◆ Exercise materials:
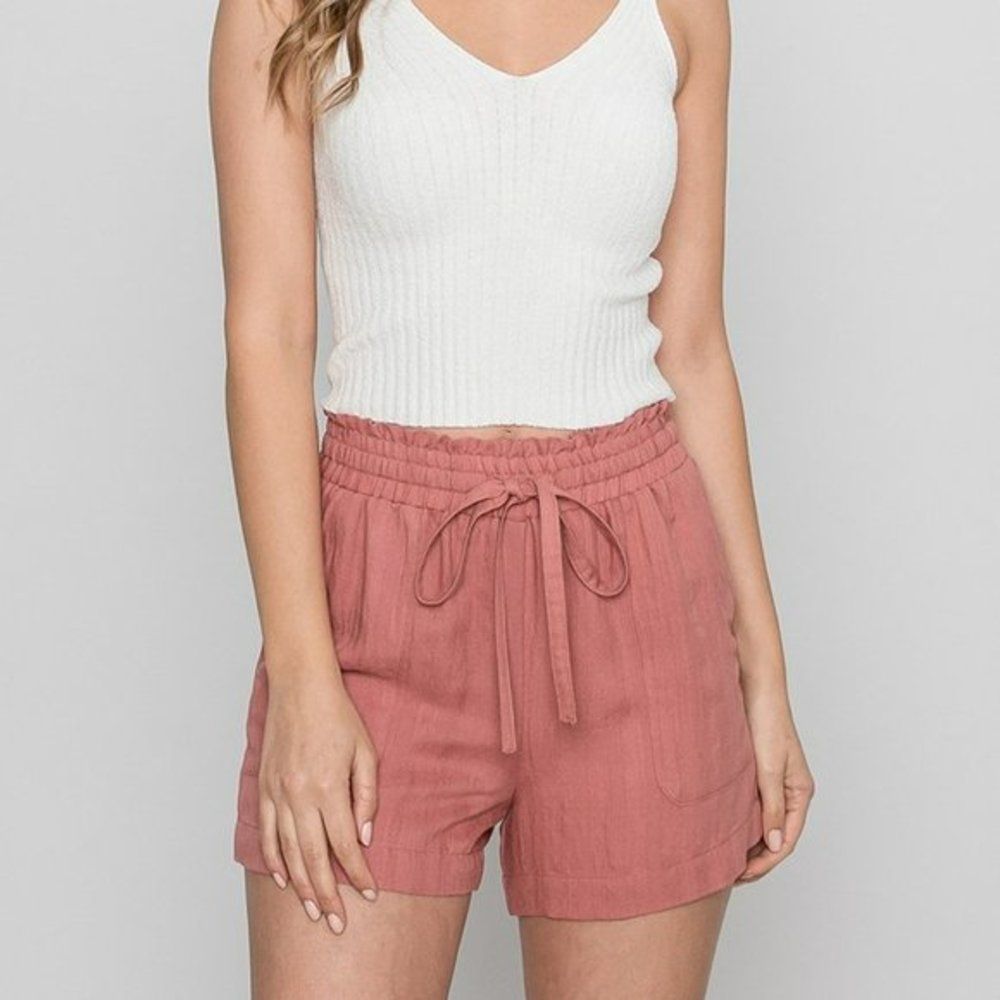 ❥ High Waisted Shorts in Rose
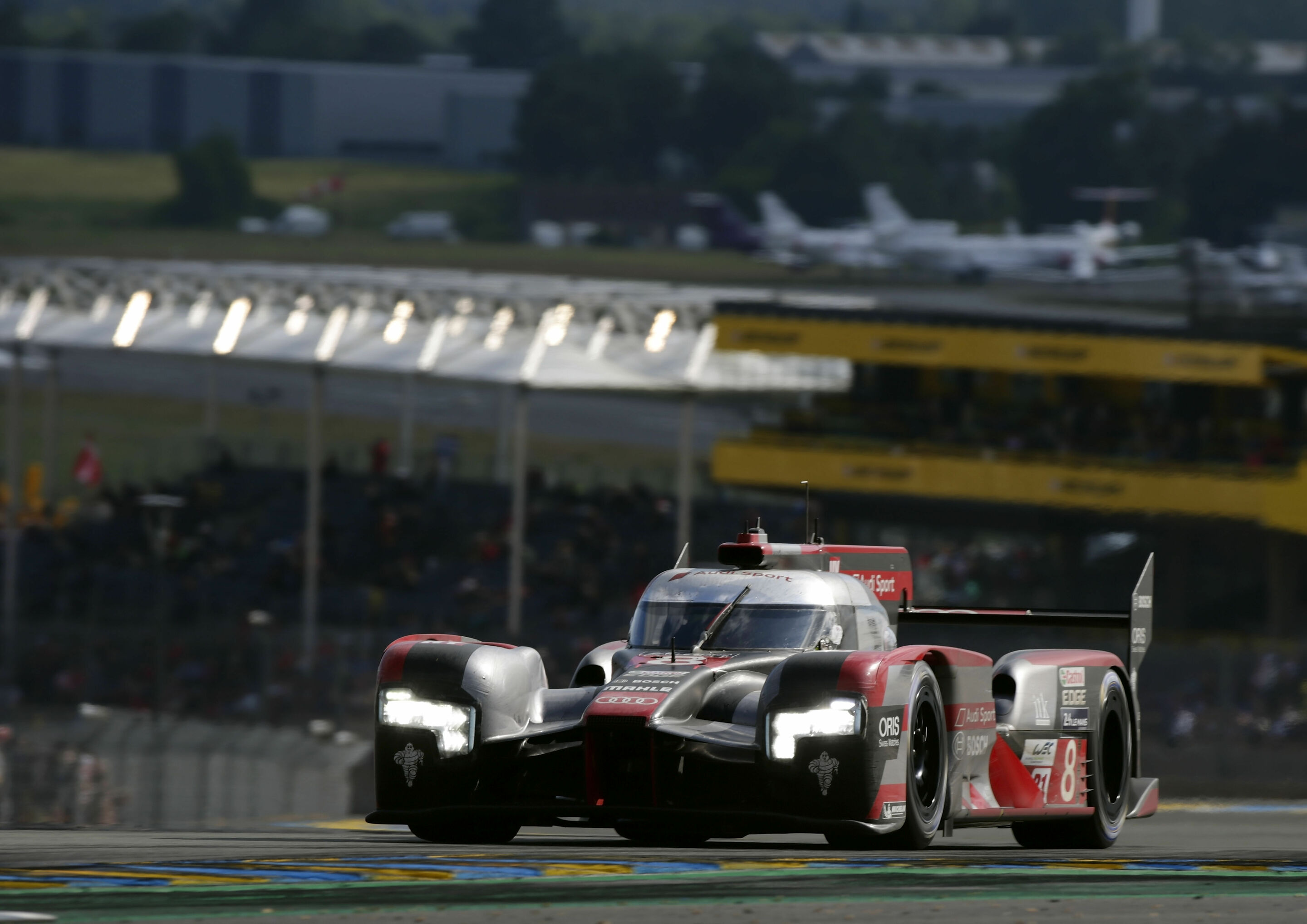 24h Le Mans 2016 - Audi R18 (2016) #8 (Audi Sport Team Joest), Lucas di Grassi, Loïc Duval, Oliver Jarvis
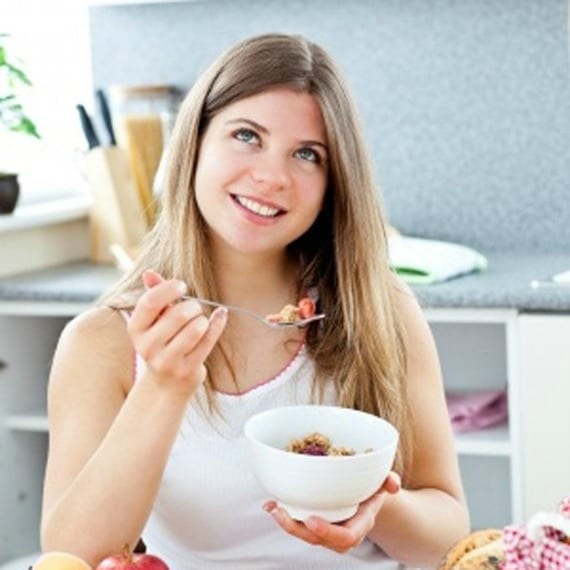 donna e colazione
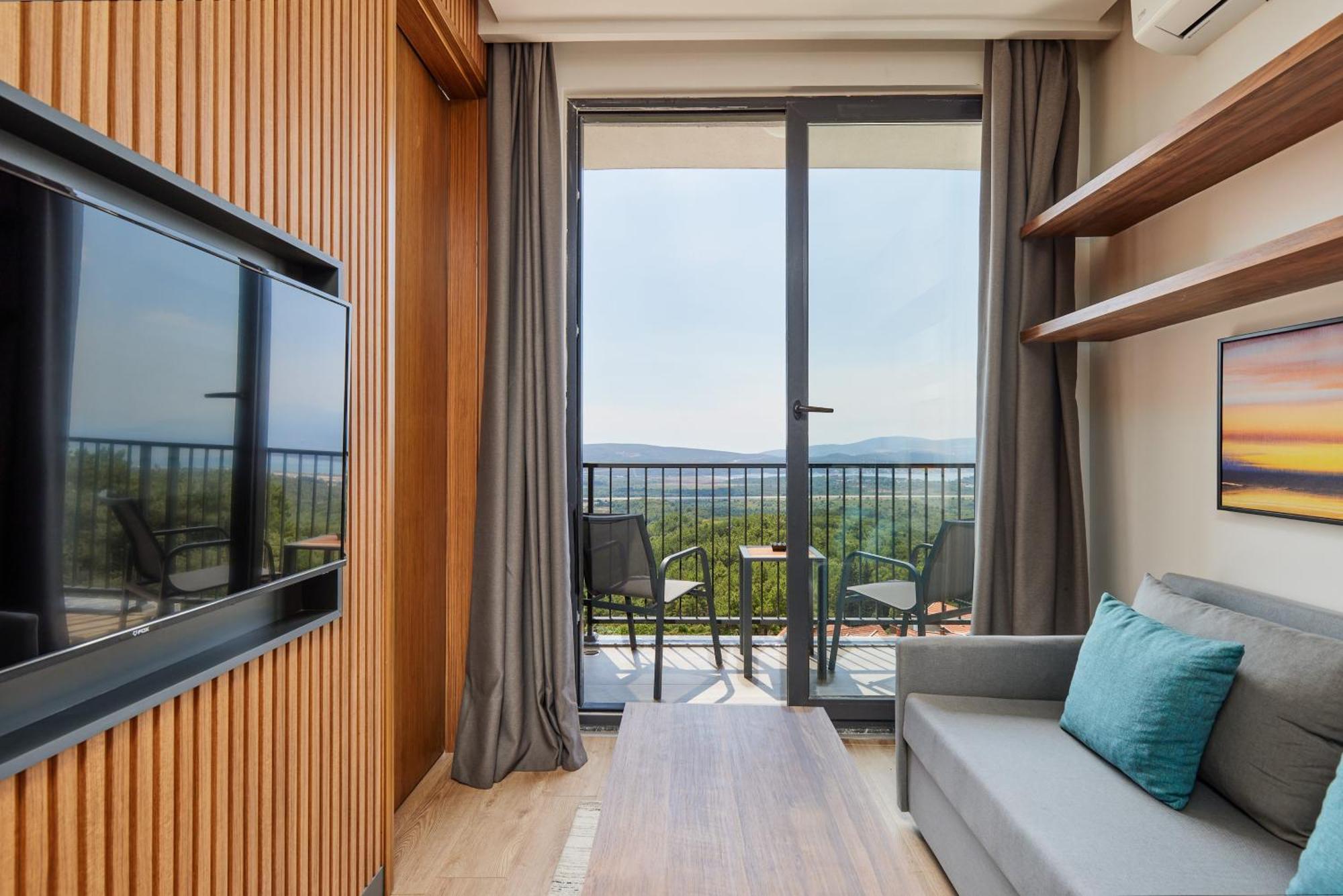Bayview Hills Luxury Residences Тиват Екстер'єр фото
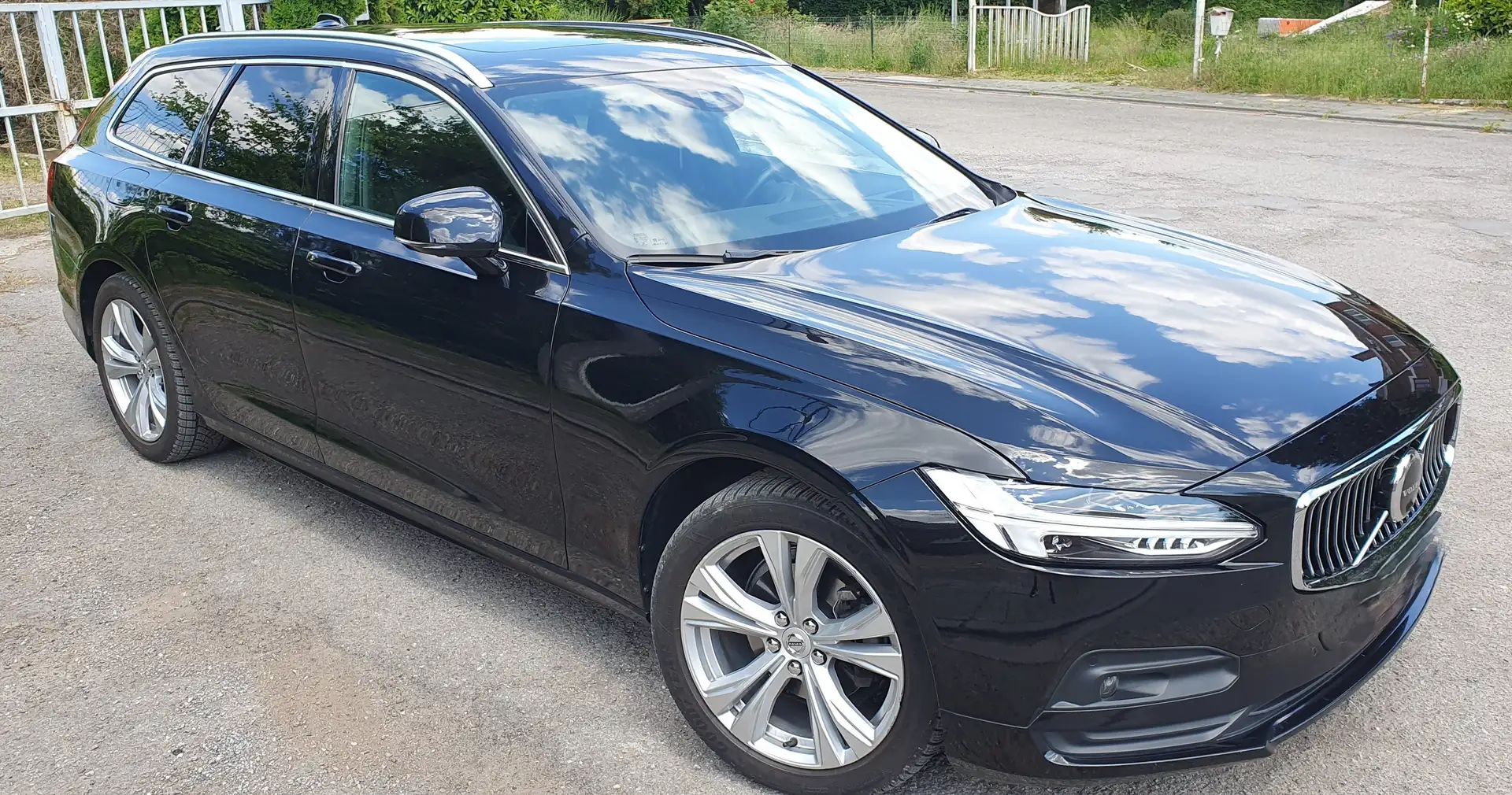 Volvo V90 2.0 D3 MOMENTUM PRO FULL Boîte auto GEARTRONIC Noir - 1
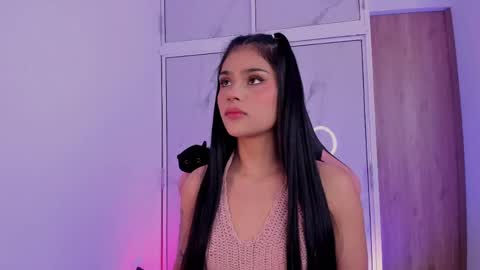 Sara 3 online show from 04/12/26, 08:14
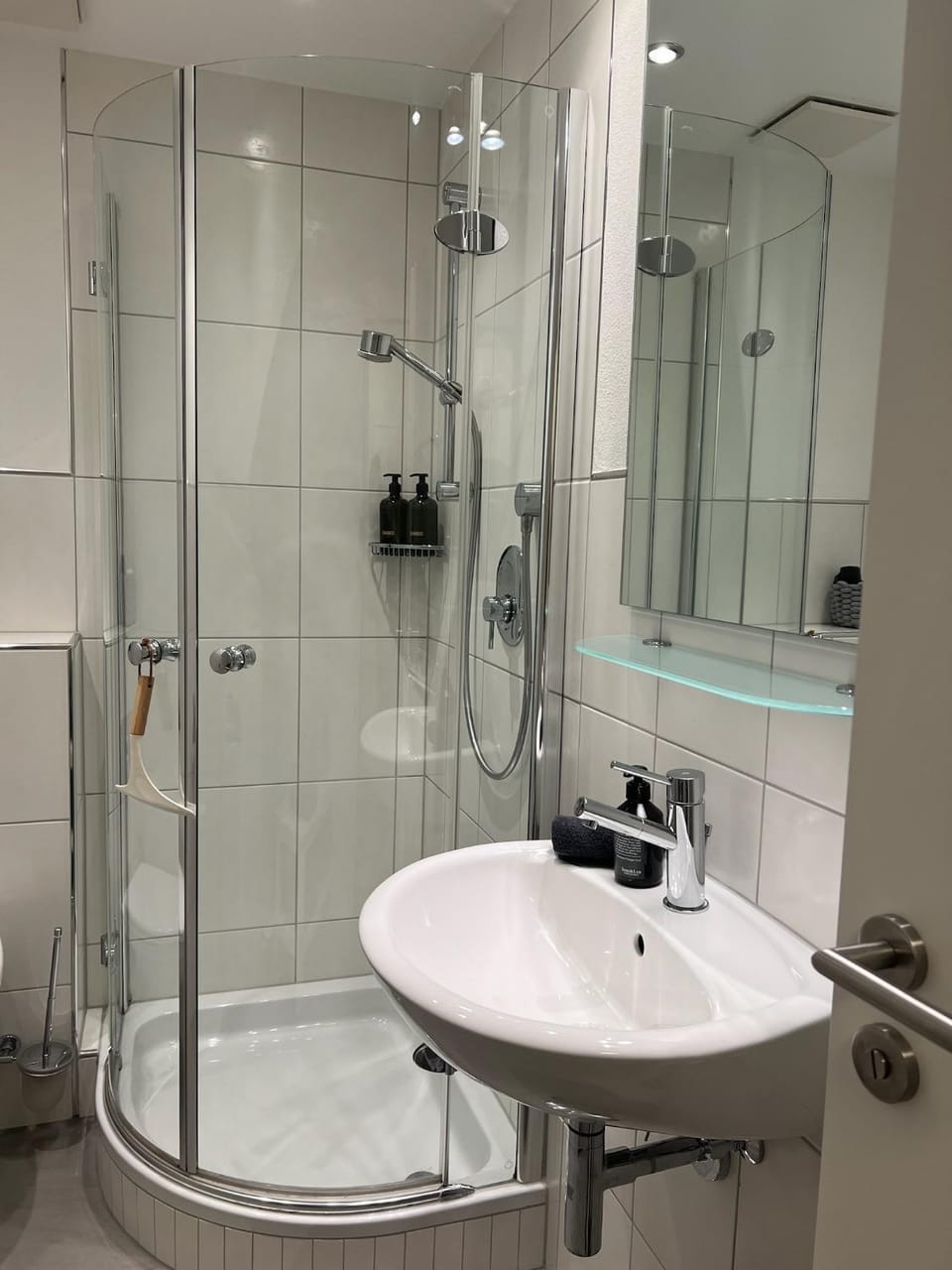Shower, Toilet, towels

◆ Brief:
Your answer must be the records exactly as they stand, with no pictures in it.

◆ Task solution:
 ❥ High Waisted Shorts in Rose
 24h Le Mans 2016 - Audi R18 (2016) #8 (Audi Sport Team Joest), Lucas di Grassi, Loïc Duval, Oliver Jarvis
 donna e colazione
Bayview Hills Luxury Residences Тиват Екстер'єр фото
 Volvo V90 2.0 D3 MOMENTUM PRO FULL Boîte auto GEARTRONIC Noir - 1
 Sara 3 online show from 04/12/26, 08:14
Shower, Toilet, towels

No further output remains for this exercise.